Here, a thread is a sequence of programmed instructions handled by a processor or core, and depending on the architecture of the processor, a core may be able to handle one or a couple of threads simultaneously. Algorithm 2 is very similar in nature to algorithm 1 , only instead of 1 thread doing the $n$ multiplications and additions, we have $n$ threads doing 1 multiplication and addition simultaneously. This is possible because
the operation is embarassingly parallel, i.e. each step is independent computationally and data-wise from the others. With an embarassingly parallel operation, the speed of the operation is essentially limited by the number of cores at the user's disposal. Not all algorithms will be able to parallelized in this way, as will be illustrated in the following sections. For now, we will treat, cores, processors, and threads the same, as computational devices to perform operations. However, later we will see that they are technically different.

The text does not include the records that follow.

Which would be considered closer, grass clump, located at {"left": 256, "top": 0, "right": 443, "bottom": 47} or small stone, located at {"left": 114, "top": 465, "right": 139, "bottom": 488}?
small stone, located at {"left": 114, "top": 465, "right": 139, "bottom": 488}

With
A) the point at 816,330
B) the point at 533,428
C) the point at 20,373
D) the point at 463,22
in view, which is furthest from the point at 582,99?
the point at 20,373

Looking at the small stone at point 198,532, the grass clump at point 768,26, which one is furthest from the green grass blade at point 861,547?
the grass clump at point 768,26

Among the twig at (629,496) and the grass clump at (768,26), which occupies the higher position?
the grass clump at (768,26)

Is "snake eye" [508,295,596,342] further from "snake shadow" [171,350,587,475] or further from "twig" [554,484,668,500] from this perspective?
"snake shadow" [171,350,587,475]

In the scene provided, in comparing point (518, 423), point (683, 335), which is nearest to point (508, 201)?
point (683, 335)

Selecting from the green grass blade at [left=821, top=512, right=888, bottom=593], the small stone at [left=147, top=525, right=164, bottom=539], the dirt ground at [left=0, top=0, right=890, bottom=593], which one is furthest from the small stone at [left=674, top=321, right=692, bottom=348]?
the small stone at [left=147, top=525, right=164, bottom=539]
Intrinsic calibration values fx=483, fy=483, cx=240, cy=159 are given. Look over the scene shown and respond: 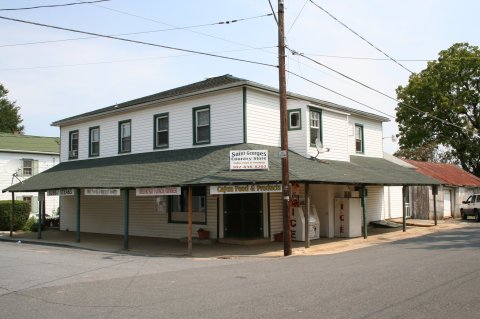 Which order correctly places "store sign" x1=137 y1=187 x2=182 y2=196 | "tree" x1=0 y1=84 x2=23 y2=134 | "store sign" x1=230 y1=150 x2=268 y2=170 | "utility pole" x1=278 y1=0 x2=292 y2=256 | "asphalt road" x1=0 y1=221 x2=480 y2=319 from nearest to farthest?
"asphalt road" x1=0 y1=221 x2=480 y2=319
"utility pole" x1=278 y1=0 x2=292 y2=256
"store sign" x1=137 y1=187 x2=182 y2=196
"store sign" x1=230 y1=150 x2=268 y2=170
"tree" x1=0 y1=84 x2=23 y2=134

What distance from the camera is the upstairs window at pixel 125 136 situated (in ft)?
78.9

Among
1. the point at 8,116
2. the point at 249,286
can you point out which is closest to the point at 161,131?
the point at 249,286

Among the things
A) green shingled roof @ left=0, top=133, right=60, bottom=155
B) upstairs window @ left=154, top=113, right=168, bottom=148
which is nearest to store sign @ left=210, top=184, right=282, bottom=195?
upstairs window @ left=154, top=113, right=168, bottom=148

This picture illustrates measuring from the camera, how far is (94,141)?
26.4m

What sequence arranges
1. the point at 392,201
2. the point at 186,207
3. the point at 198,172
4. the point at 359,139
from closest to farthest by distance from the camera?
the point at 198,172 → the point at 186,207 → the point at 359,139 → the point at 392,201

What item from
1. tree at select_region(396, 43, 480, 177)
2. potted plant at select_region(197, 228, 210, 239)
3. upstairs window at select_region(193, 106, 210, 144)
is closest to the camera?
potted plant at select_region(197, 228, 210, 239)

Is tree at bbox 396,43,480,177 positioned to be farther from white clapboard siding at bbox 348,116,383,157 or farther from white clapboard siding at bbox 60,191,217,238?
white clapboard siding at bbox 60,191,217,238

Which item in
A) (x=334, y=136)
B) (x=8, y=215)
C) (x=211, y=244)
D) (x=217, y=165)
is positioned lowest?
(x=211, y=244)

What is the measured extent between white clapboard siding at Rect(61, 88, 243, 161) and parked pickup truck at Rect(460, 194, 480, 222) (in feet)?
65.8

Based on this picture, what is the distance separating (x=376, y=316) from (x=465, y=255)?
27.1 ft

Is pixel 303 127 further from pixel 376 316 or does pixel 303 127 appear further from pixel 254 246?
pixel 376 316

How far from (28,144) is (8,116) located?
29.2 m

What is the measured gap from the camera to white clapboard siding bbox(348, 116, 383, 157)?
26.2 meters

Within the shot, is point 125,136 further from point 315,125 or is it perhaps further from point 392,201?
point 392,201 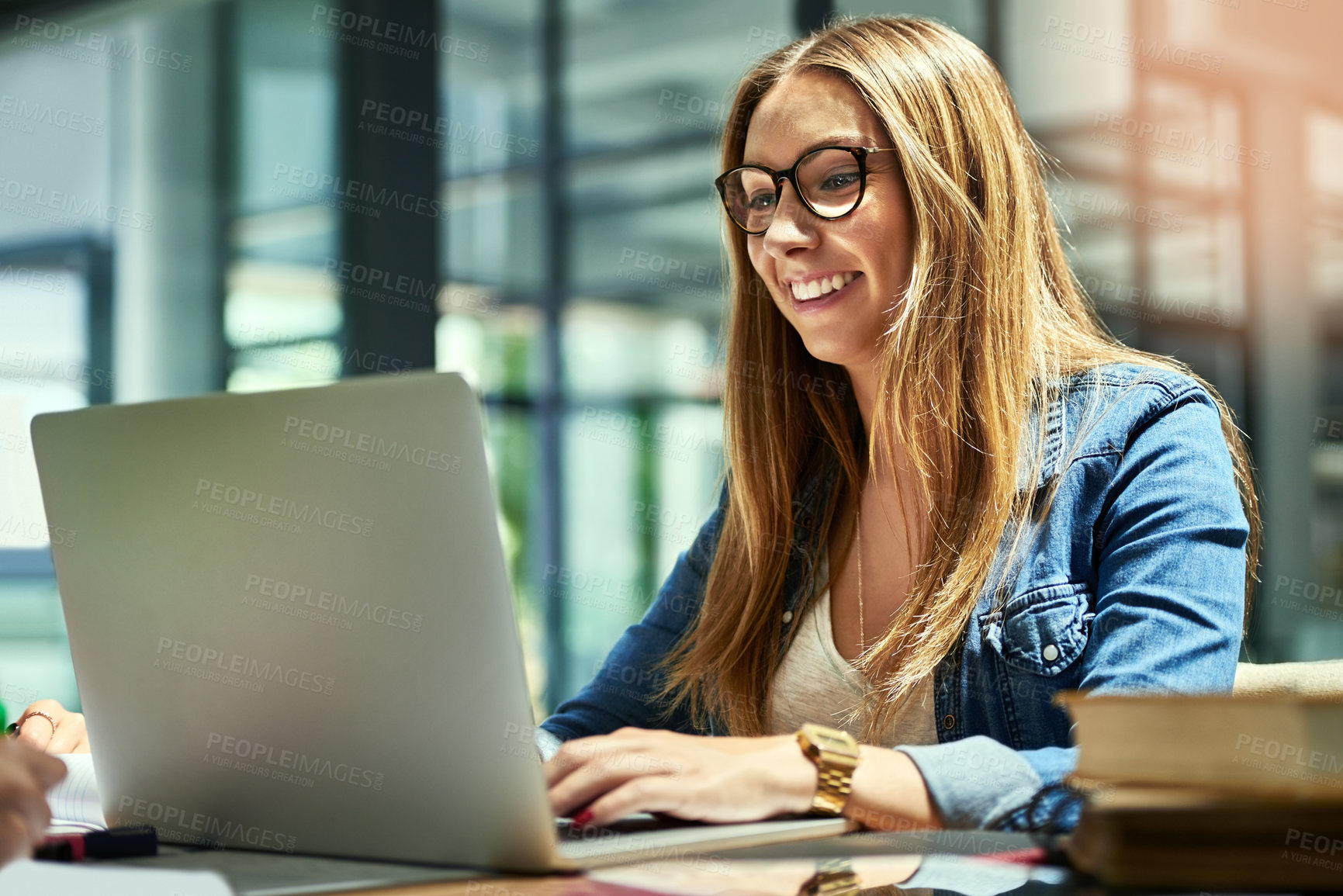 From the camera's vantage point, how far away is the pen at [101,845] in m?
0.81

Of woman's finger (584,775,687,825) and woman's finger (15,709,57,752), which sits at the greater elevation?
woman's finger (584,775,687,825)

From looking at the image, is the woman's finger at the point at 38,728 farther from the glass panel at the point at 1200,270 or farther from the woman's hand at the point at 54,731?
the glass panel at the point at 1200,270

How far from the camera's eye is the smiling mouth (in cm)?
139

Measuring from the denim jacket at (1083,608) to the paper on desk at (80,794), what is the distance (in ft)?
1.42

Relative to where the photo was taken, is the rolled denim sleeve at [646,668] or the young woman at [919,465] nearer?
the young woman at [919,465]

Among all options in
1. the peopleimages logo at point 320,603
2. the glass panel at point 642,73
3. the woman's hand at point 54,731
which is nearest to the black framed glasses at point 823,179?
the peopleimages logo at point 320,603

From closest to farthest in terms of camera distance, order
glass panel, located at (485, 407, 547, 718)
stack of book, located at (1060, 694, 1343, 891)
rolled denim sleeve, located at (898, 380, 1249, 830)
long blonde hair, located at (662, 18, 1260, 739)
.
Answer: stack of book, located at (1060, 694, 1343, 891) → rolled denim sleeve, located at (898, 380, 1249, 830) → long blonde hair, located at (662, 18, 1260, 739) → glass panel, located at (485, 407, 547, 718)

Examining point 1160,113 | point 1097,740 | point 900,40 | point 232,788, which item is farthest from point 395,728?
point 1160,113

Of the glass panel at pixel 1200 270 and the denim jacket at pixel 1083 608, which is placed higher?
the glass panel at pixel 1200 270

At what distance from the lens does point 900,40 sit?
54.9 inches

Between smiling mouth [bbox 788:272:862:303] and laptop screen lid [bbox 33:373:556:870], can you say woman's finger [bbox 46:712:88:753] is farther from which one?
smiling mouth [bbox 788:272:862:303]

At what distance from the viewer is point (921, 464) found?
1347mm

We can examine sequence diagrams for a general sequential algorithm versus a general parallel algorithm. Figure 1 shows a generalized sequential loop that operates on data, then decides whether or not to stop based on an index counter. Algorithm 1 is a specific example of this type of process.

Figure 1: Sequence Diagram for Sequential Algorithm


Now figure 2 illustrates the instructions for a parallelized algorithm, requiring $n$ steps, with $m$ cores or threads, where $m$ may be smaller than $n$.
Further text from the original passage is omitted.